(THE RECORDS Opens)
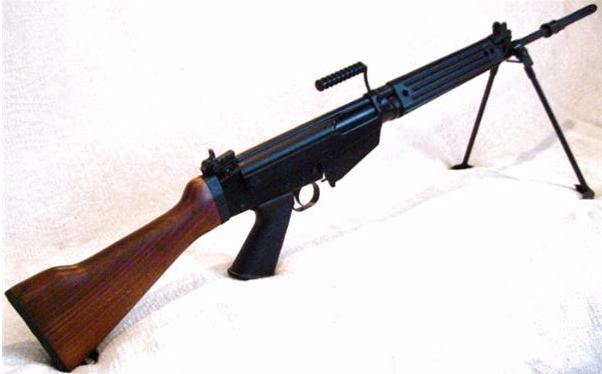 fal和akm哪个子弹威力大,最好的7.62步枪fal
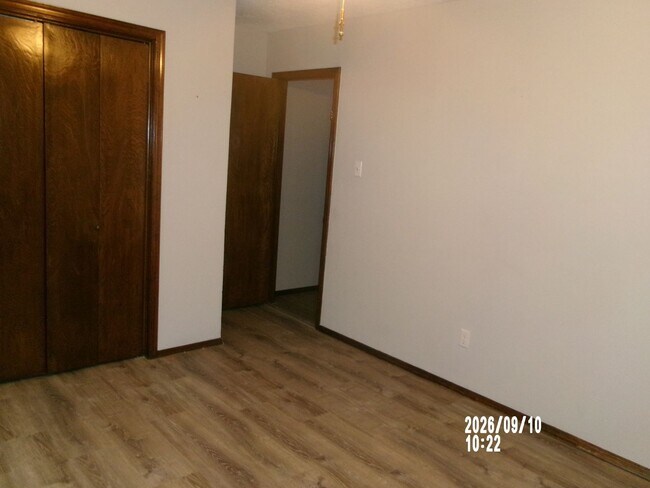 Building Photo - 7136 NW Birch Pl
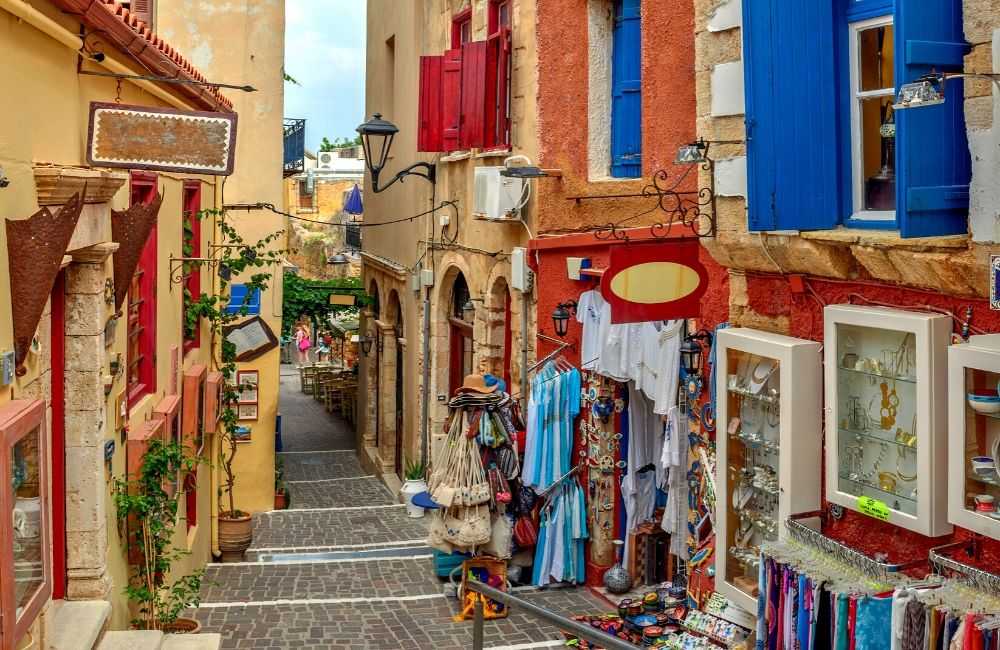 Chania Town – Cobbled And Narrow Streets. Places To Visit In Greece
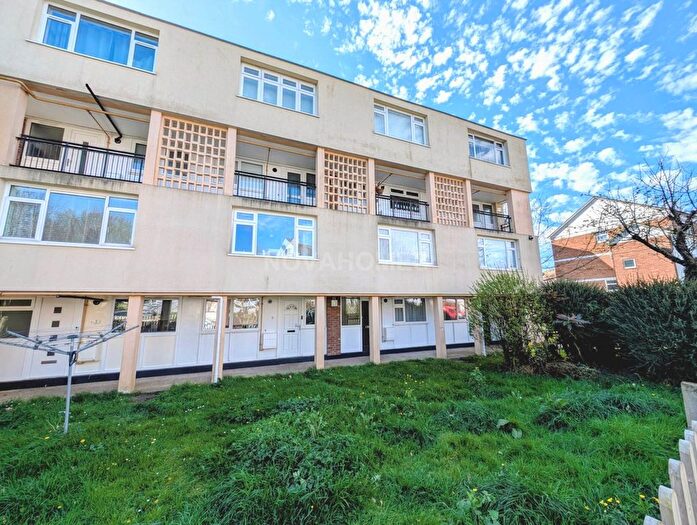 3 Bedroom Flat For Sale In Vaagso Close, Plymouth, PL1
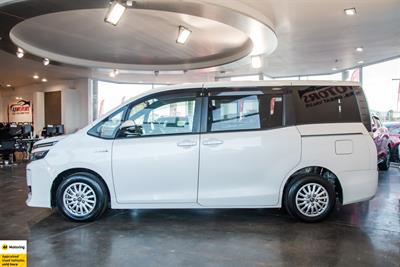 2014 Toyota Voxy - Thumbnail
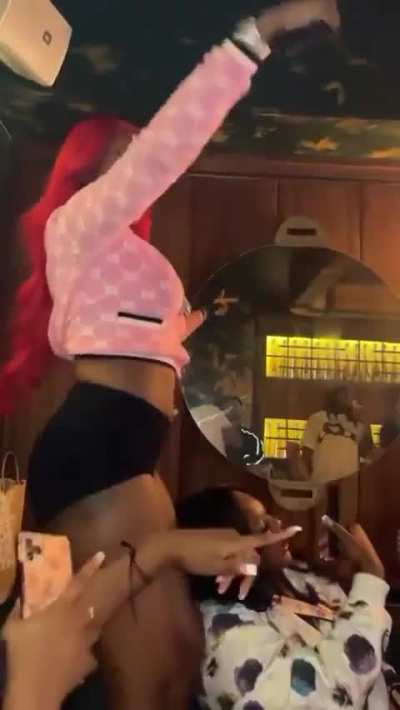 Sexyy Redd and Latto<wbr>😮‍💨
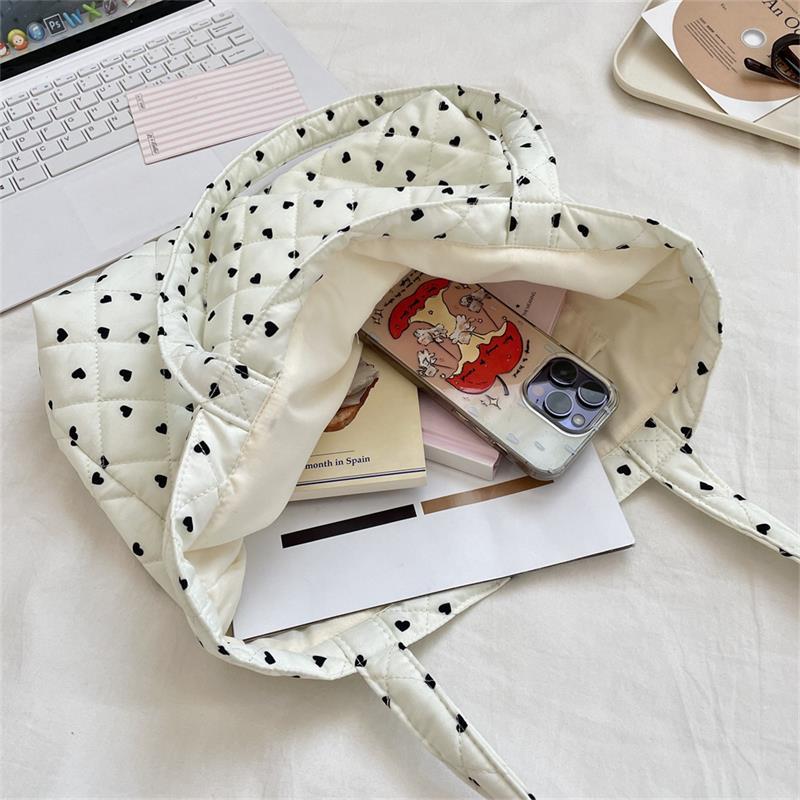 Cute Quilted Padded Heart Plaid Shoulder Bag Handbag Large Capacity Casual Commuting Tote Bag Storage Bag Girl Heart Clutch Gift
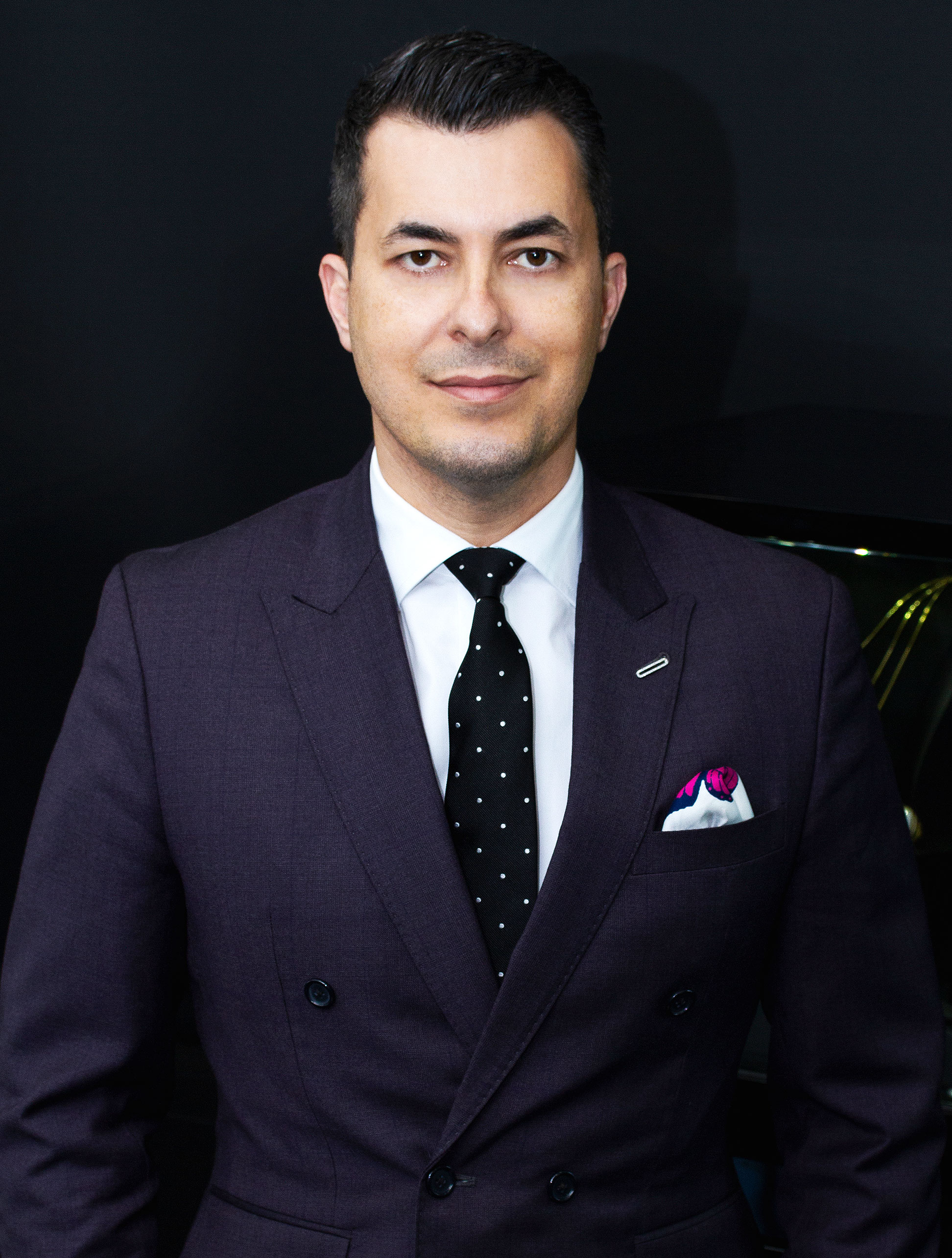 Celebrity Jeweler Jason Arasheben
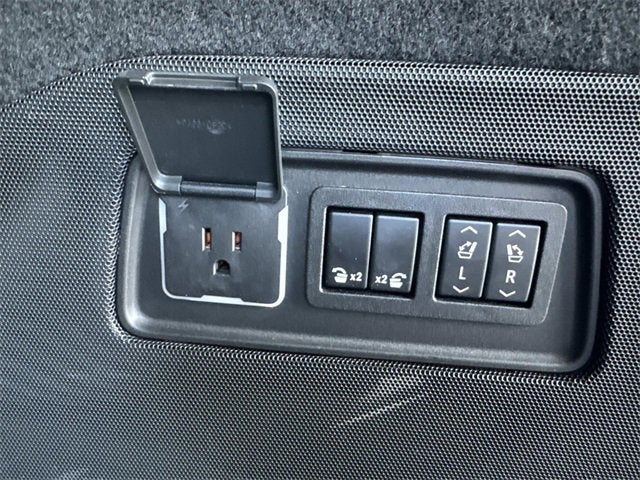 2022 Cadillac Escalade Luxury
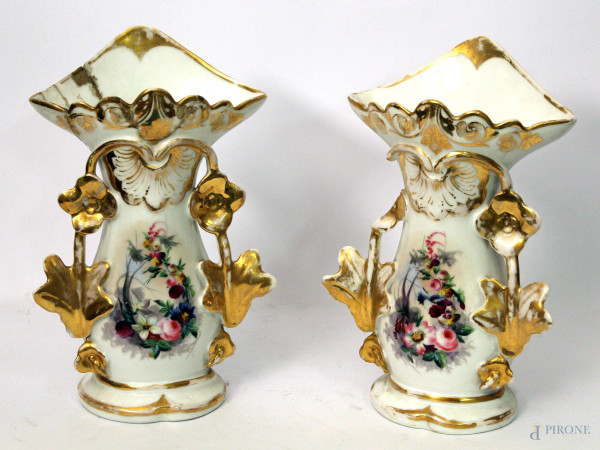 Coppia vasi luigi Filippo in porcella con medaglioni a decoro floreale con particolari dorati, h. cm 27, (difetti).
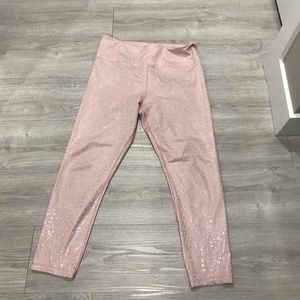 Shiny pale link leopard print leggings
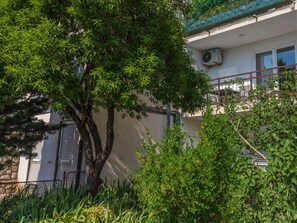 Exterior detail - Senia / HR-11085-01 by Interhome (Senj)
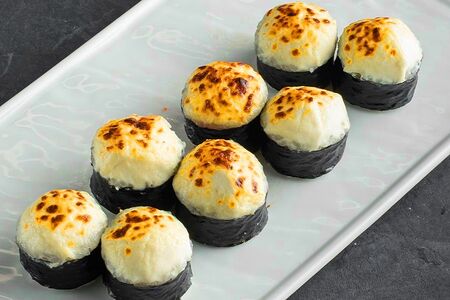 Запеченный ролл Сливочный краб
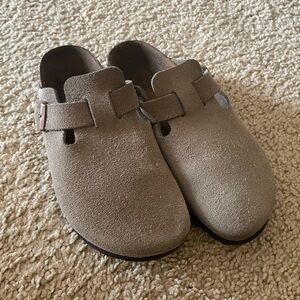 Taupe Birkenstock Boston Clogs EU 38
(THE RECORDS Closes)
Copy out all the data exactly. The images should not appear in the copy.

RESPONSE AREA
 fal和akm哪个子弹威力大,最好的7.62步枪fal
 Building Photo - 7136 NW Birch Pl
 Chania Town – Cobbled And Narrow Streets. Places To Visit In Greece
 3 Bedroom Flat For Sale In Vaagso Close, Plymouth, PL1
 2014 Toyota Voxy - Thumbnail
 Sexyy Redd and Latto<wbr>😮‍💨
 Cute Quilted Padded Heart Plaid Shoulder Bag Handbag Large Capacity Casual Commuting Tote Bag Storage Bag Girl Heart Clutch Gift
 Celebrity Jeweler Jason Arasheben
 2022 Cadillac Escalade Luxury
 Coppia vasi luigi Filippo in porcella con medaglioni a decoro floreale con particolari dorati, h. cm 27, (difetti).
 Shiny pale link leopard print leggings
 Exterior detail - Senia / HR-11085-01 by Interhome (Senj)
 Запеченный ролл Сливочный краб
 Taupe Birkenstock Boston Clogs EU 38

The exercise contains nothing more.